И жаждут слова моего, —
А я всех мимо по паркету
Бегу, нос вздернув, к кабинету
И в грош не ставлю никого!..
…А ныне пятьдесят мне било;
Полет свой Счастье пременило,
Без лат я горе-богатырь;
Прекрасный пол меня лишь бесит,
Амур без перьев — нетопырь,
Едва вспорхнет — и нос повесит.
Сокрылся и в игре мой клад:
Не страстны мной, как прежде, музы;
Бояра понадули пузы,
И я у всех стал виноват.
Услышь, услышь меня, о Счастье!
И, солнце, как сквозь бурь ненастье,
Так на меня и ты взгляни;
Прошу, молю тебя умильно,
Мою ты участь премени…
…Но ах! как некая ты сфера
Иль легкий шар Монгольфиера52,
Блистая в воздухе, летишь;
Вселенна длани простирает,
Зовет тебя — ты не глядишь…
 
   Но это собственноличное обращение к «Счастию» — только один пласт произведения. Державин в том же тоне обращается к «Счастию» России, к ее тогдашним военным и политическим успехам:
 
…В те дни, как всюду скороходом
Пред русским ты бежишь народом
И лавры рвешь ему зимой,
Стамбулу бороду ерошишь,
На Тавре едешь чехардой,
Задать Стокгольму перцу хочешь,
Берлину фабришь ты усы,
А Темзу в фижмы наряжаешь,
Хохол Варшаве раздуваешь,
Коптишь голландцам колбасы…
 
   Но и этого мало: Державин воплощает в своих стихах и состояние целого мира, потрясенного революцией. Он говорит «Счастию»:
 
Куда хребет свой обращаешь,
Там в пепел грады претворяешь,
Приводишь в страх богатырей;
Султанов заключаешь в клетку,
На казнь выводишь королей;
Но если ты ж, хотя в издевку,
Осклабишь взор свой на кого, —
Раба творишь владыкой миру,
Наместо рубища порфиру
Ты возлагаешь на него…53
…В те дни, как всё везде в разгулье:
Политика и правосудье,
Ум, совесть и закон святой
И логика пиры пируют,
На карты ставят век златой,
Судьбами смертных пунтируют,
Вселенну в трантелево гнут54;
Как полюсы, меридианы,
Науки, музы, боги — пьяны,
Все скачут, пляшут и поют.
В те дни, как всюду ерихонцы55
Не сеют, но лишь жнут червонцы,
Их денег куры не клюют;
Как вкус и нравы распестрились,
Весь мир стал полосатый шут;
Мартышки в воздухе явились,
По свету светят фонари,
Витийствуют уранги56 в школах;
На пышных карточных престолах
Сидят мишурные цари…
 
   Эта яркая картина своего рода мирового карнавала набросана с истинно русским размахом и удалью. Стихи неразрывно соединяют в себе всемирное, национальное и личное начала, рельефно воплощая ренессансную природу державинской лирики. В них осуществился двуединый пафос поднимающейся нации и становящейся личности.
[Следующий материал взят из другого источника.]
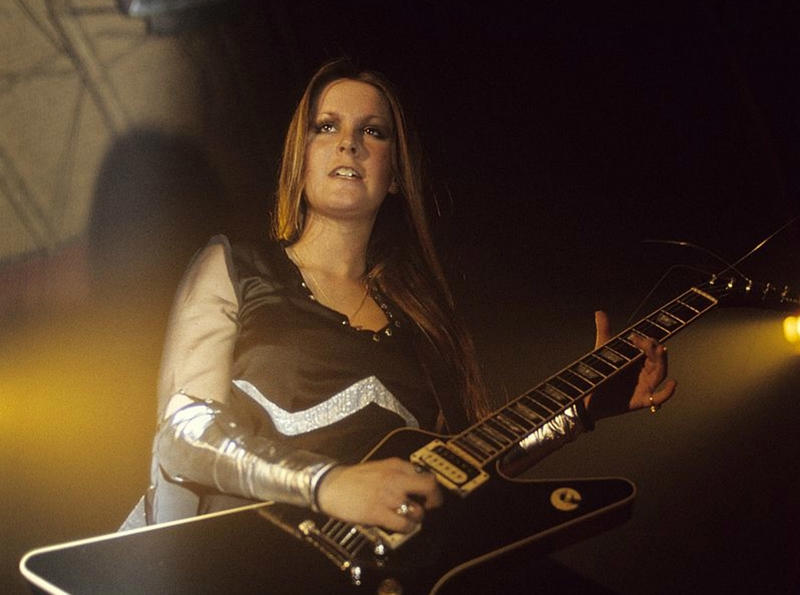 Christine McVie, Debbie Harry, Joan Jett, Gwen Stefani, Patti Smith, Shirley Manson, Chrissie Hynde, Courtney Love, Dolores O'Riordan, Grace Slick, Brody Dalle, Lita Ford, Sinéad O'Connor, Florence Welch, PJ Harvey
   Решусь сказать, что характерные для многих литературоведческих работ рассуждения о классицизме, просветительстве, сентиментализме и т. д. сильно затрудняют восприятие русской лирики XVIII века. Я убежден, что поверхностные схемы мешают увидеть главное — неразрывно взаимосвязанный рост национального и личностного самосознания, воплотившийся в творчестве Ломоносова и Державина — этих, безусловно, великих лирических поэтов, — а также в лирике Василия Тредиаковского (1703-1769), Александра Сумарокова (1718-1777), Михаила Хераскова (1733-1807), Александра Радищева (1749-1802), Николая Карамзина (1766-1826) и целого ряда менее известных авторов.
   Уже говорилось о том, что лирика XVIII века предстает перед нами как явление архаическое, так сказать, доисторическое, ибо мы живем в послепушкинской эстетической эре. Но тем не менее лирическое наследие XVIII столетия воспринималось бы проще и легче, если бы каждый понимал его как живую историю становления нации и личности.
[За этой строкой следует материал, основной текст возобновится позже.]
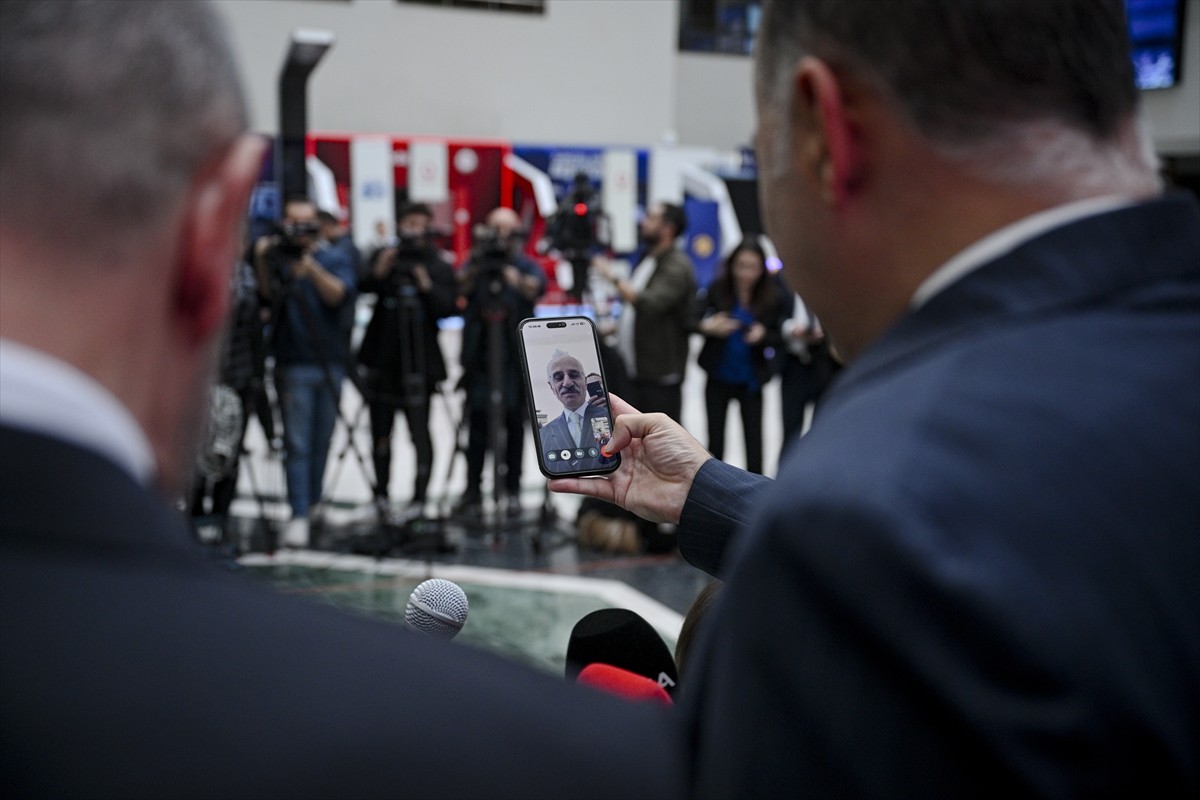 Ulaştırma ve Altyapı Bakanı Abdulkadir Uraloğlu, Bilgi Teknolojileri ve İletişim Kurumu'nda...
   В 1728 году Василий Тредиаковский, испытав двухлетнюю разлуку с родиной, пишет свои «Стихи похвальные России»:
 
Начну на флейте стихи печальны,
Зря на Россию чрез страны дальны…
…Россия мати! Свет мой безмерный!
Позволь то, чадо прошу твой верный,
Ах, как сидишь ты на троне красно!
Небо Российску ты Солнце ясно!..
…Чем ты, Россия, неизобильна?
Где ты, Россия, не была сильна?
Сокровище всех добр ты едина!
Всегда богата, славе причина…
…Окончу на флейте стихи печальны.
Зря на Россию чрез страны дальны,
Сто мне языков надобно б было
Прославить все то, что в тебе мило!
 
   В этих безыскусных стихах — кстати, еще силлабических по своему строению — впервые, быть может, выступает то единство личностного и национального, которое составляет основу ренессансной лирики. Здесь невозможно проследить дальнейшее развитие этой стихии через весь XVIII век. Хочу только сказать, что русская лирика XVIII века открывает чуткому и упорному читателю настоящие сокровища.
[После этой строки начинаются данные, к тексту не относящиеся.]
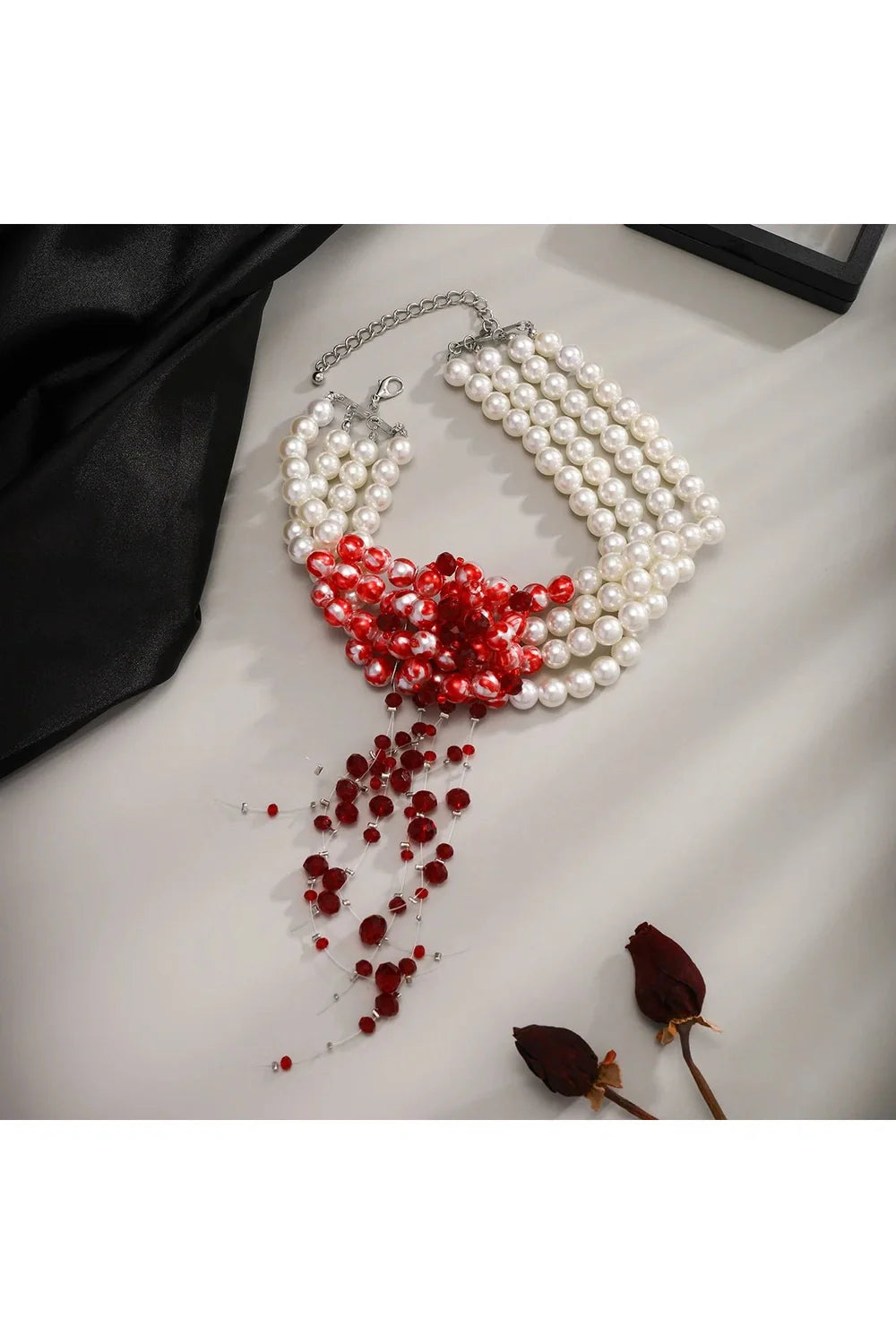 Collier ras du cou en perles écarlates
   Надо прямо сказать, что наследие этой эпохи почти неизвестно современным поэтам и читателям; оно явно недостаточно знакомо даже самым дотошным литературоведам. Конечно, фигуры наиболее знаменитых поэтов XVIII века мы видим довольно отчетливо. Но целый ряд исключительно интересных явлений эпохи как бы вообще не существует для нас.
   Я имею в виду прежде всего почти никому не известную поэзию Ивана Баркова, Николая Львова, Петра Словцова57. А ведь поэзия каждой эпохи представляет собой определенную художественную целостность, вне которой невозможно глубоко понять и даже просто воспринять отдельные явления. Так, без насквозь «раблезианской», карнавальной поэзии Баркова нельзя по-настоящему освоить тесно связанную с ней поэзию Ломоносова и Державина (последний неотделим и от Львова), а без творчества Словцова трудно оценить роль и смысл поэзии Радищева.
   Но главная наша беда заключается в том, что поэзия XVIII века в целом до сих пор как бы не открыта с собственно художественно-эстетической точки зрения. Мы, пользуясь определением Белинского, не «научились видеть прекрасное» в этой доклассической поэзии.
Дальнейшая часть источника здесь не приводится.